We also reserve the right to credit a higher rate of interest on premium payments allocated to the Guarantee Account that participate in the Dollar Cost Averaging program. We refer to this higher rate of interest as enhanced Dollar Cost Averaging. The Dollar Cost Averaging program and/or enhanced Dollar Cost Averaging program may not be available in all states and in all markets or through all broker-dealers who sell the contracts. If you terminate the Dollar Cost Averaging program prior to the depletion of assets from the Guarantee Account, we have the right to credit the remaining assets in the Guarantee Account the current interest rate being credited to all other Guarantee Account assets not participating in the enhanced Dollar Cost Averaging Program as of that Valuation Day.
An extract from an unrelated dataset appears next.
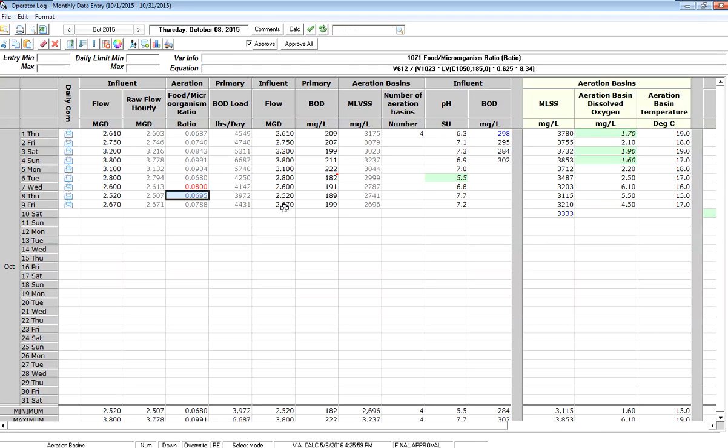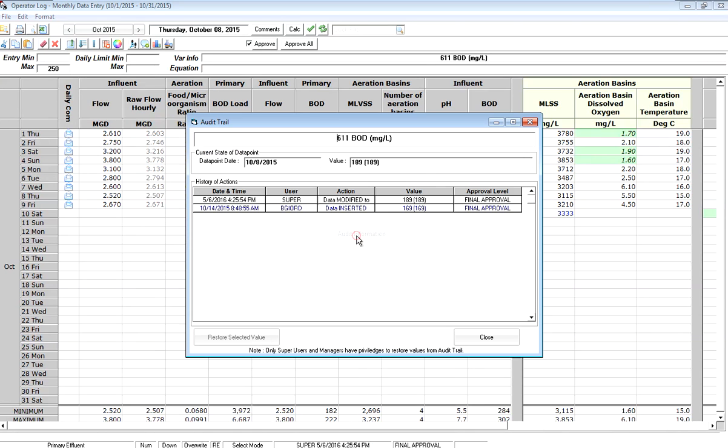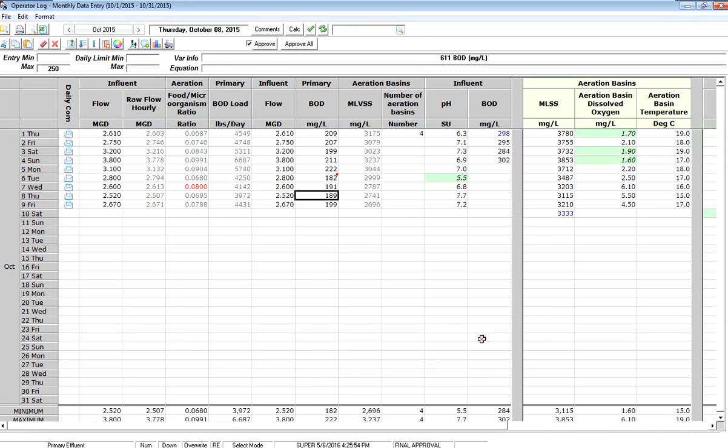I can also click on a cell and say, well, who entered that data? Who edited that data? And who maybe made that data entry error? So we have something called audit information. It keeps the full trail of data and what I see is that Barry entered that 169 and then obviously I, logged in as super, have just edited that data.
In addition, for contracts issued on or after the later of September 2, 2003, or the date on which state insurance authorities approve applicable contract modifications, if you terminate your Dollar Cost Averaging program prior to the depletion of assets in the Guarantee Account, we may limit the amount that may allocated to the Guarantee Account. If we exercise this right, we guarantee the amount limited will be the same as the amount limited for those contracts not participating in a Dollar Cost Averaging program as of the date you terminate your Dollar Cost Averaging program.

 

  5. The first paragraph of the “Guarantee Account Interest Sweep Program” provision in the “Transfers” section is amended as follows:

 

You may instruct us to transfer interest earned on your assets in the Guarantee Account (if available) to the Subaccounts to which you are allocating premium payments, in accordance with your allocation instructions in effect on the date of the transfer any time before the Maturity Date. You must specify the frequency of the transfers (either monthly, quarterly, semi-annually or annually).

 

  6. The “Surrenders and Partial Surrenders” provision is amended by adding the following:

 

For contracts issued on or after the later of September 2, 2003, or the date on which state insurance authorities approve applicable contract modifications, partial surrenders from the Subaccounts may further reduce or restrict the amount that may be allocated to the Guarantee Account (see the “Guarantee Account” provision in this prospectus).

 

  7. The “Systematic Withdrawals” section of the “Surrenders and Partial Surrenders” provision is amended by adding the following:

 

For contracts issued on or after September 2, 2003, or the date on which state insurance authorities approve applicable contract modifications, taking systematic withdrawals from the Subaccounts may further reduce or restrict the amount that may be allocated to the Guarantee Account (see the “Guarantee Account” provision in this prospectus).


 

  8. The “Principal Underwriter” provision located in the “Distribution of the Contracts” section is amended as follows:

 

Capital Brokerage Corporation (doing business in Indiana, Minnesota, New Mexico and Texas as GE Capital Brokerage Corporation) (“Capital Brokerage”) is the distributor and principal underwriter of the contracts. Capital Brokerage, a Washington corporation and an affiliate of ours, is located at 3001 Summer Street, 2nd Floor, Stamford, Connecticut 06905. Capital Brokerage is registered with the SEC under the Securities Exchange Act of 1934 (“1934 Act”) as a broker-dealer, and is a member of the NASD.